What you should do
Copy every record below exactly as it appears.

Information
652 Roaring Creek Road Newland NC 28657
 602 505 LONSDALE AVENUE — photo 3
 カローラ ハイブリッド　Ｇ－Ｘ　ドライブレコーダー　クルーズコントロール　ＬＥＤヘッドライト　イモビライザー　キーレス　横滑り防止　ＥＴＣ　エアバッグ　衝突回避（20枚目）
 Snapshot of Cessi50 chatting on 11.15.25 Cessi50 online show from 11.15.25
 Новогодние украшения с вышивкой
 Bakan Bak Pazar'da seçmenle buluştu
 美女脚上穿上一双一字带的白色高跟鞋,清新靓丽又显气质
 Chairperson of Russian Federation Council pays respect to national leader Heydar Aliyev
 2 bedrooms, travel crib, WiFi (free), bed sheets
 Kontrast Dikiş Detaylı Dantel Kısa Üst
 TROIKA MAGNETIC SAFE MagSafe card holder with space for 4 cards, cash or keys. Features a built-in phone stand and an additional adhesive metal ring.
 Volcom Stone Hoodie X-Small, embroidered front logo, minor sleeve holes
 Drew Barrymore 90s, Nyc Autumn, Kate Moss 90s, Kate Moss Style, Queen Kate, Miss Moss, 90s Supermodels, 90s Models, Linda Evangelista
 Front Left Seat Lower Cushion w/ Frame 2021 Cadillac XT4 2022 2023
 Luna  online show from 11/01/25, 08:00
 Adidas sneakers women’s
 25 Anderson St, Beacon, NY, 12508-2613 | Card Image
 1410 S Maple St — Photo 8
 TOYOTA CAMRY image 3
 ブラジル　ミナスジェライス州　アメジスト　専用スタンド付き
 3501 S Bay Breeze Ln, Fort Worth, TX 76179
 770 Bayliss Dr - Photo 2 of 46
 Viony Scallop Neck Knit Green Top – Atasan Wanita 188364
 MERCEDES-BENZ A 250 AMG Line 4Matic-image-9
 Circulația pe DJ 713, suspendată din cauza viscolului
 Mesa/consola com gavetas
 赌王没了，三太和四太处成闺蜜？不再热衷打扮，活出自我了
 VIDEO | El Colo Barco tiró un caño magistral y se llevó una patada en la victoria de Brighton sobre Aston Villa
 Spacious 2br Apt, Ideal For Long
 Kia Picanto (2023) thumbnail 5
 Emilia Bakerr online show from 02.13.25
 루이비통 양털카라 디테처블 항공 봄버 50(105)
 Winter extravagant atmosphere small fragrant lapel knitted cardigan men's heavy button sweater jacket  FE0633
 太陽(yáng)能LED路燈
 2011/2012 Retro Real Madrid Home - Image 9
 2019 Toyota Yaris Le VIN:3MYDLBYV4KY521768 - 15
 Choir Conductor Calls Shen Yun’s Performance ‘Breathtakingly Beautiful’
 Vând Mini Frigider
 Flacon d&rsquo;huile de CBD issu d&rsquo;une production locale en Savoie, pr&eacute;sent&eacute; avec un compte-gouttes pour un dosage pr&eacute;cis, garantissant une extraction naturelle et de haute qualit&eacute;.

The answer
652 Roaring Creek Road Newland NC 28657
 602 505 LONSDALE AVENUE — photo 3
 カローラ ハイブリッド　Ｇ－Ｘ　ドライブレコーダー　クルーズコントロール　ＬＥＤヘッドライト　イモビライザー　キーレス　横滑り防止　ＥＴＣ　エアバッグ　衝突回避（20枚目）
 Snapshot of Cessi50 chatting on 11.15.25 Cessi50 online show from 11.15.25
 Новогодние украшения с вышивкой
 Bakan Bak Pazar'da seçmenle buluştu
 美女脚上穿上一双一字带的白色高跟鞋,清新靓丽又显气质
 Chairperson of Russian Federation Council pays respect to national leader Heydar Aliyev
 2 bedrooms, travel crib, WiFi (free), bed sheets
 Kontrast Dikiş Detaylı Dantel Kısa Üst
 TROIKA MAGNETIC SAFE MagSafe card holder with space for 4 cards, cash or keys. Features a built-in phone stand and an additional adhesive metal ring.
 Volcom Stone Hoodie X-Small, embroidered front logo, minor sleeve holes
 Drew Barrymore 90s, Nyc Autumn, Kate Moss 90s, Kate Moss Style, Queen Kate, Miss Moss, 90s Supermodels, 90s Models, Linda Evangelista
 Front Left Seat Lower Cushion w/ Frame 2021 Cadillac XT4 2022 2023
 Luna  online show from 11/01/25, 08:00
 Adidas sneakers women’s
 25 Anderson St, Beacon, NY, 12508-2613 | Card Image
 1410 S Maple St — Photo 8
 TOYOTA CAMRY image 3
 ブラジル　ミナスジェライス州　アメジスト　専用スタンド付き
 3501 S Bay Breeze Ln, Fort Worth, TX 76179
 770 Bayliss Dr - Photo 2 of 46
 Viony Scallop Neck Knit Green Top – Atasan Wanita 188364
 MERCEDES-BENZ A 250 AMG Line 4Matic-image-9
 Circulația pe DJ 713, suspendată din cauza viscolului
 Mesa/consola com gavetas
 赌王没了，三太和四太处成闺蜜？不再热衷打扮，活出自我了
 VIDEO | El Colo Barco tiró un caño magistral y se llevó una patada en la victoria de Brighton sobre Aston Villa
 Spacious 2br Apt, Ideal For Long
 Kia Picanto (2023) thumbnail 5
 Emilia Bakerr online show from 02.13.25
 루이비통 양털카라 디테처블 항공 봄버 50(105)
 Winter extravagant atmosphere small fragrant lapel knitted cardigan men's heavy button sweater jacket  FE0633
 太陽(yáng)能LED路燈
 2011/2012 Retro Real Madrid Home - Image 9
 2019 Toyota Yaris Le VIN:3MYDLBYV4KY521768 - 15
 Choir Conductor Calls Shen Yun’s Performance ‘Breathtakingly Beautiful’
 Vând Mini Frigider
 Flacon d&rsquo;huile de CBD issu d&rsquo;une production locale en Savoie, pr&eacute;sent&eacute; avec un compte-gouttes pour un dosage pr&eacute;cis, garantissant une extraction naturelle et de haute qualit&eacute;.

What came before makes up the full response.